Rigoberto Urán, en su hotel de concentración en Irun, tras el entrenamiento de ayer. / F. DE LA HERA
Rigoberto Urán, en su hotel de concentración en Irun, tras el entrenamiento de ayer. / F. DE LA HERA

El segundo del Tour recorrió ayer los últimos kilómetros de la Clásica

I. I. SAN SEBASTIÁN.

A Rigoberto Urán (Cannondale) las piernas le van solas. Giran más rápido que nunca, rebosan poder, y el colombiano quiere aprovechar el momento. Tras su estratosférico segundo puesto en el Tour, quiere ganar la Clásica de San Sebastián. Por eso ya está en Gipuzkoa, a donde llegó ayer para completar un entrenamiento de tres horas recorriendo los últimos cien kilómetros de la carrera de mañana, Jaizkibel, Arkale y Murgil incluidos.

Su director, Juanma Garate, ganador de la Clásica de 2007, lo tiene claro: «Viene a ganar». Y por eso organizó ayer un entrenamiento colectivo del equipo, para «situar el final de carrera» a los corredores. No le importa decir abiertamente que se la van a jugar con Urán, porque «no es ningún secreto ni a nadie le va a sorprender» que esa sea la táctica del Cannondale. El colombiano llega en una forma extraordinaria y tiene punta de velocidad, así que su candidatura es seria.

El corredor de Urrao, de 30 años, ha conseguido el mejor resultado de su carrera en el Tour, pero su influencia en el ciclismo colombiano va mucho más allá de su rendimiento deportivo.

Urán aterrizó en Europa joven y ha ido abriendo camino a sus compatriotas. En 2006, con 19 años, se fue a Italia, al equipo Tenax de fabio Bordonali. Se instaló en Brescia, en Lombardía, en la Italia rica, en casa de la familia Chiodi, que aún hoy son «como mis padres», asegura.

Dejó atrás una vida dura en Colombia. En 2001 su padre cayó muerto al verse en medio de un tiroteo entre el Ejército y los paramilitares, en el que no tenía nada que ver. Cuando murió su padre tuvo que ponerse a trabajar como vendedor de lotería para poder sobrevivir en las calles de Urrao. Su hermana era más pequeña que él. Estudiaba, corría y trabajaba. «Para mí el pasado ya es pasado», zanjaba en una entrevista con este periódico este año.

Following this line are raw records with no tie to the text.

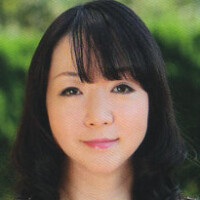 藤沢麻衣子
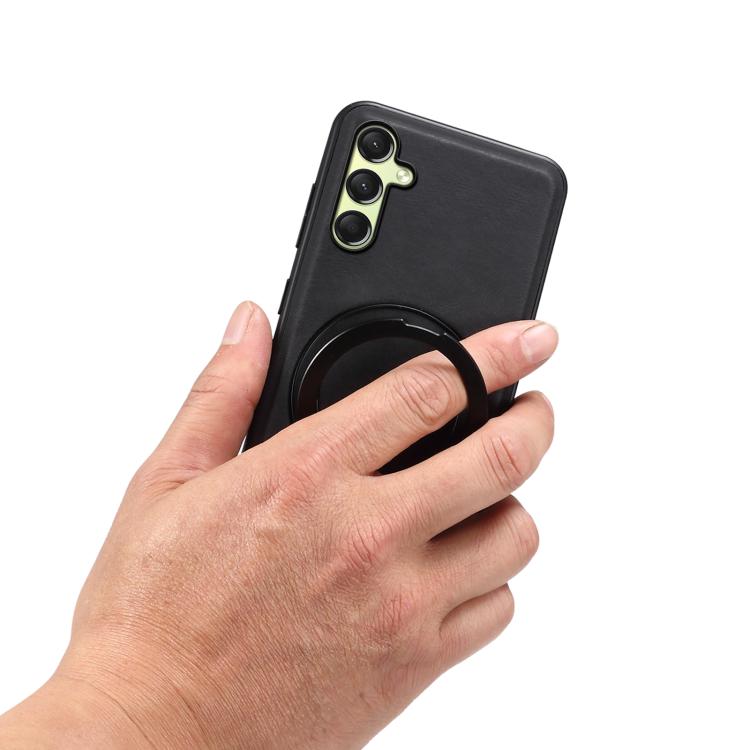 EDA007533002C_4.jpg@708be0f57e92c6377823466e3acf2906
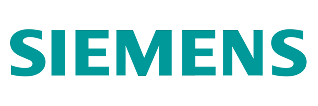 siemens-logo 1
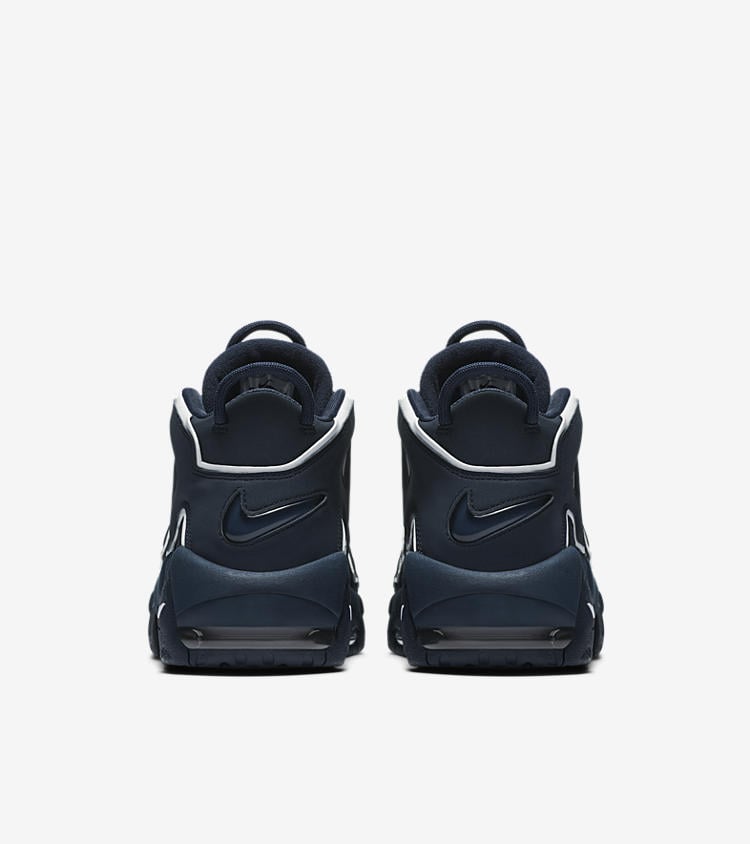 nike-air-more-uptempo-obsidian-921948-400-release-20171127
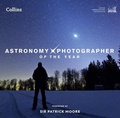 Cover: Astronomy Photographer of the Year: Collection 1 - Collins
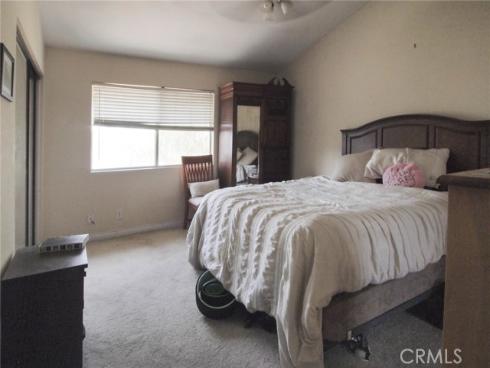 23 Marigold 22 , Aliso Viejo, CA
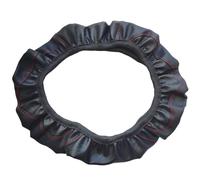 Occ Sport OCCFV0051 Coprivolante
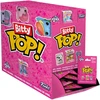 FUNKO Bitty POP! Figūrėlė: My Little Pony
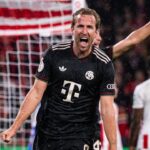 Bundesliga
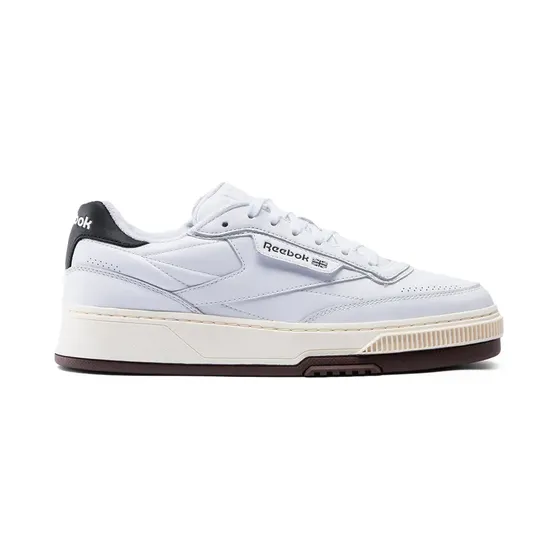 Reebok met geperforeerde vlak “White” (100261820)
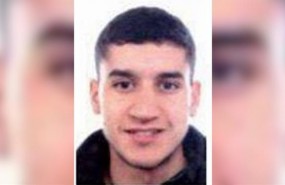 ep mossos confirmanautoriayounes abouyaaqoub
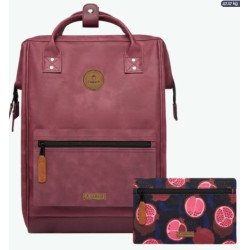 adventurer backpack large 99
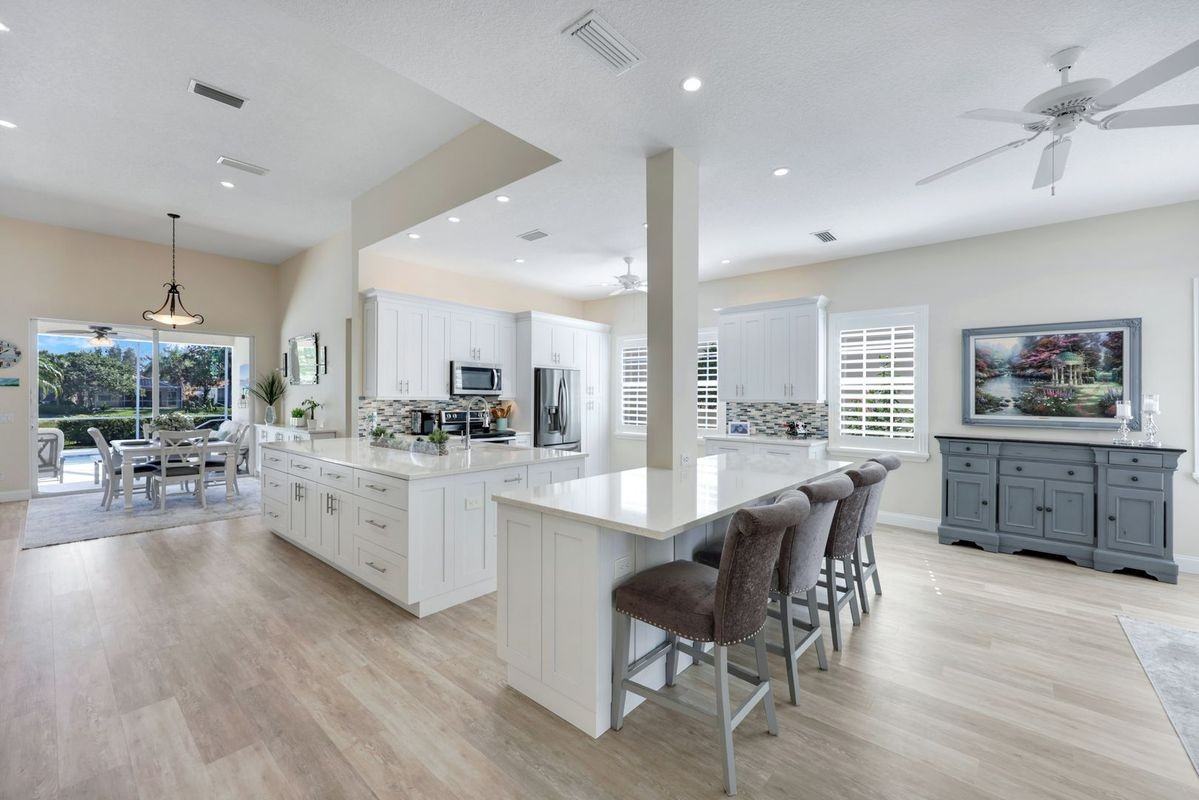 3108 Dominica Way - Photo 4 of 38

Con 16 años, a Urán le ofrecieron dinero por correr y lo aceptó inmediatamente. «Necesitaba el dinero», recuerda. Comenzó a oír hablar de Europa, donde había más oportunidades para desarrollar su potencial y aquí se vino. «Cuando corría en amateurs lo hacía en ropa de deporte y zapatillas, no teníamos dinero y comprar una equipación ciclista era impensable». Ganó la primera prueba que corrió, una contrarreloj de 10 kilómetros.

«Es un pionero»

«Es un pionero que nos ha enseñado a todos el camino», aseguró en el pasado Tour Esteban Chaves (Orica). En la carrera francesa, Urán se ha echado a la espalda a todo el ciclismo colombiano ante la baja forma de sus compatriotas más jóvenes. Ha ejercido de patriarca y se ha envuelto en una capa de autoridad moral aún mayor -ya era indiscutible antes-. Es el tercer colombiano que sube al podio de París tras Fabio Parra y Nairo Quintana.

Urán, que termina contrato con el Cannondale, sigue manteniendo los vínculos con Italia pero vive en Mónaco con su novia, Michele, hija de un industrial monegasco. El antioqueño también ha empezado a dar sus primeros pasos como empresario, con la firma de ropa ciclista Gorigogo. «Es mi firma de ropa. La llevamos entre mi mujer Michele y yo. En 2014 montamos la empresa, tenemos ocho trabajadores. El último año ha crecido mucho. Me llena mucho porque me llega el cariño de la gente. Estoy feliz ¡y generamos empleo!».